What Really Happened

Spoiler alert: talk of what happens in several recent films ahead.

Two screenwriting trends that have emerged in recent years have caught my attention. The first is the device in which, while at first glance the movie appears to tell a straightforward story, in fact part of the story was not 'true' in the movie's world. It was either made up or dreamed or fantasized by one of the characters. 'Figuring out' the movie then entails determining where this break between the movie's reality and the character's fantasy occurred, absent any of the usual cues like wavy lines or ethereal music, though sometimes with more subtle ones. The Usual Suspects, Mulholland Dr. and Swimming Pool could all be cited as examples. The funny thing about this technique is that only critically acclaimed movies seem to use it. I'm not aware of any crappy movies that had such a twist in them. Some are probably out there, but they're forgotten indies or B movies rather than Hollywood blockbusters.

The other trend is the ambiguous ending, which sometimes renders the entire plot ambiguous. In this case, there is usually evidence presented for multiple explanations of the action, but it seems to have been carefully balanced so that only each viewer's personal prejudices will lead them to conclude that one or another was what really happened. I hesitate to name examples for the reasons below, but the one I just watched that inspired this was Caché. I think The Minus Man also qualifies, or at least it wanted to.
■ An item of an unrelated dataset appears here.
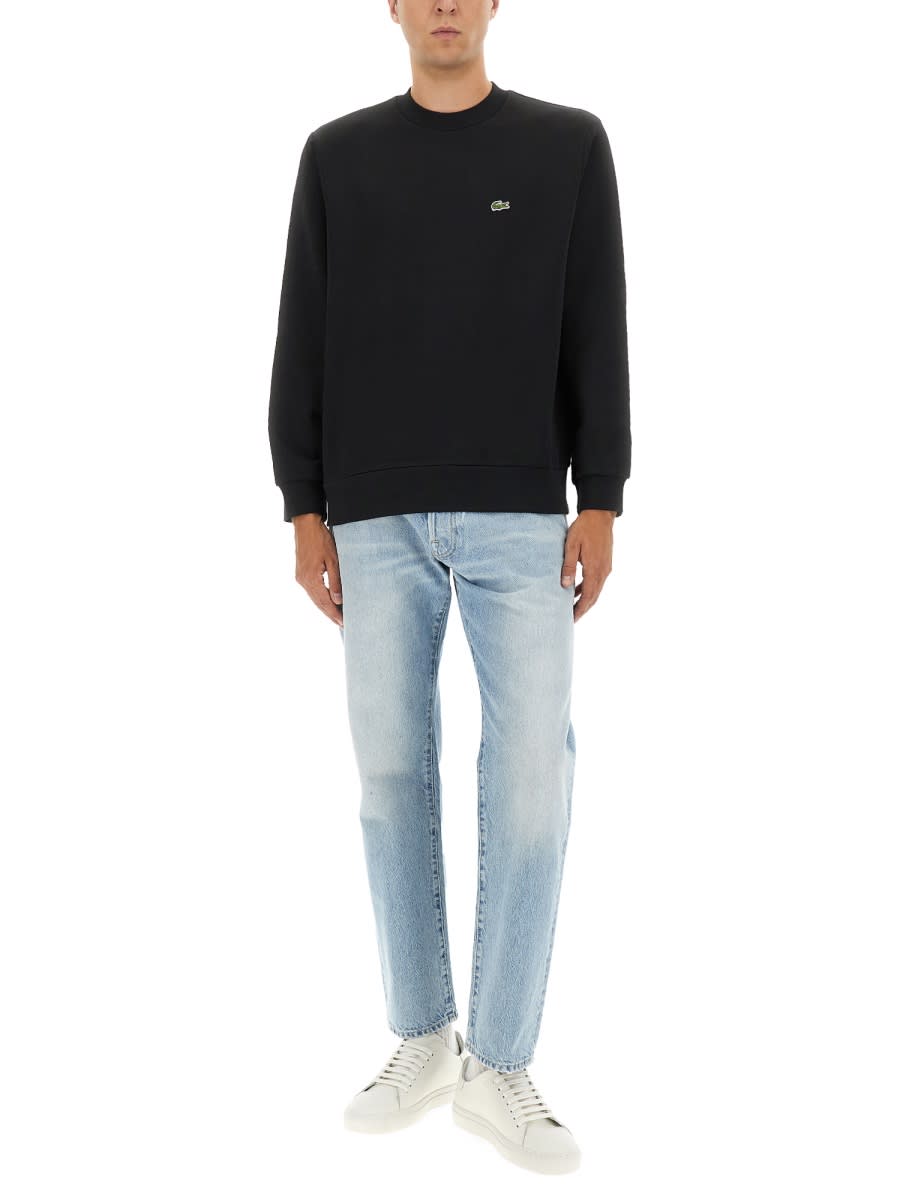 Lacoste Pullover In Cotone Nero In Black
There are two points to be made, and this thread illustrates both pretty well. First, these two techniques tend to dovetail. For many films that appear to divert from reality into a character's fantasy, the question can be asked, did they just imagine all that, or did it really happen? This is the case at least for Memento and Swimming Pool. And for any film with an ambiguous ending you can find at least one person arguing that some part of the movie was just imagined. The second is that the ambiguous ending is particularly devilish, because you never know for sure if it was meant to be ambiguous, or if there really is one true explanation, toward which one piece of evidence tips the scales. After all there are many films, such as The Usual Suspects and Primer, which might seem inexplicable on first viewing, but in fact have perfectly logical explanations. This always provokes arguments, and thus this is probably the easiest way to make a movie that "you'll be talking about for hours!" The director always refuses to say anything one way or the other. The question often comes up in these arguments of what makes it a better movie. Does it make a point about realism or anything else to have a truly ambiguous ending? Are some of the explanations just too mundane to be true? After a while I feel a bit embarrassed to be debating something that seems to have been constructed for the sole purpose of being debatable--though again, most of the movies that use this have plenty else going for them, and meaningful ideas that are not weakened one way or the other by the ending.